Later, the pope met with Latin American bishops and urged them again to get out of their parishes and take the word of God directly to the region's slums -- one of the main themes of his week-long visit.
"Bishops must be pastors, close to the people, men who love poverty, men who do not think and behave like princes. Men who are not ambitious. Men capable of watching over the flock entrusted to them," he said.
The pope, who has championed a "poor Church for the poor," had practised what he preaches last Thursday when he visited one of Rio's notoriously dangerous slums.
The pope voiced concern this weekend over the "exodus" of Catholics to other beliefs or secularism.

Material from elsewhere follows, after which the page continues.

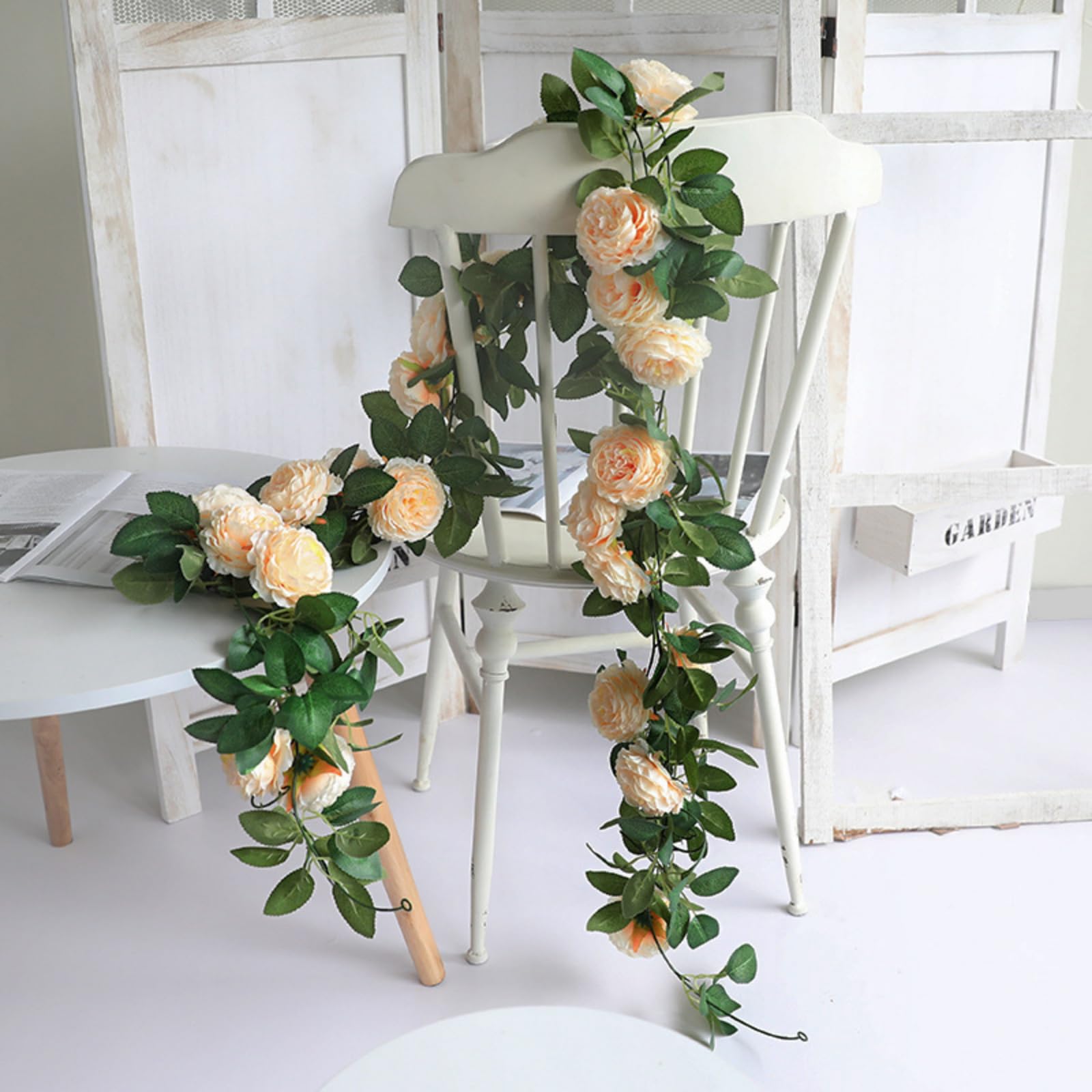 3 Stück (6,0 m) Rosa Blumengirlande, Kunstblumen Wie Echt für Hochzeitsbogen, Pfingstrosen Girlande Seidenblumen Hängend Rebe für Hochzeit, Party, Garten, Weihnachten (baise,6 Stück)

Even Brazil, the world's most populous mostly Catholic country, has seen a drop in Catholicism while Evangelical churches have boomed. Almost 65 percent of Brazil's population was Catholic in 2010, down from 92 percent in 1970, according to the census.
In his farewell remarks at the airport, the pope revealed that during his visit to Brazil's revered Shrine of Our Lady of Aparecida he had "implored Mary to strengthen you in the Christian faith, which forms part of the noble soul of Brazil, as indeed of many other countries."
But the pope was able to draw huge crowds every day in Brazil, culminating with the massive mass on Copacabana which drew twice the audience that the Rolling Stones attracted in a free beach concert in 2006.
The final ceremony included staid Bible readings but also a rousing concert with a band and choir that could have been seen in one of Brazil's many and expanding Evangelical churches.
"World Youth Day was fantastic. Everybody is united on God's path. Now the pope leaves and we have to evangelize," said Andressa Pusak, 25, of Brazil, who was among the throngs who had camped out on the beach before the mass.
The pope announced that Krakow, Poland, the native land of late pope John Paul II, who started the World Youth Day tradition, will host the next gathering in 2016, prompting Polish pilgrims to jump up and down on the beach.
Presidents Dilma Rousseff of Brazil, Cristina Kirchner of Argentina and Evo Morales of Bolivia were on hand for the mass.
The pope had used his visit to delve into political and social troubles in Brazil and elsewhere, voicing support Saturday for young protesters "who want to be actors of change" and urging them to use "Christian response" to their concerns.
The pope returned to familiar issues on Sunday in his first interview since he succeeded retired pope Benedict XVI, telling Cathedral Radio that family was "important, necessary for the survival of humanity."
Later, addressing thousands of World Youth Day volunteers, he urged the young believers to ignore those "who say marriage is out of fashion" and "rebel against this culture that sees everything as temporary."
The crowd then chanted: "This is the pope's young crowd!"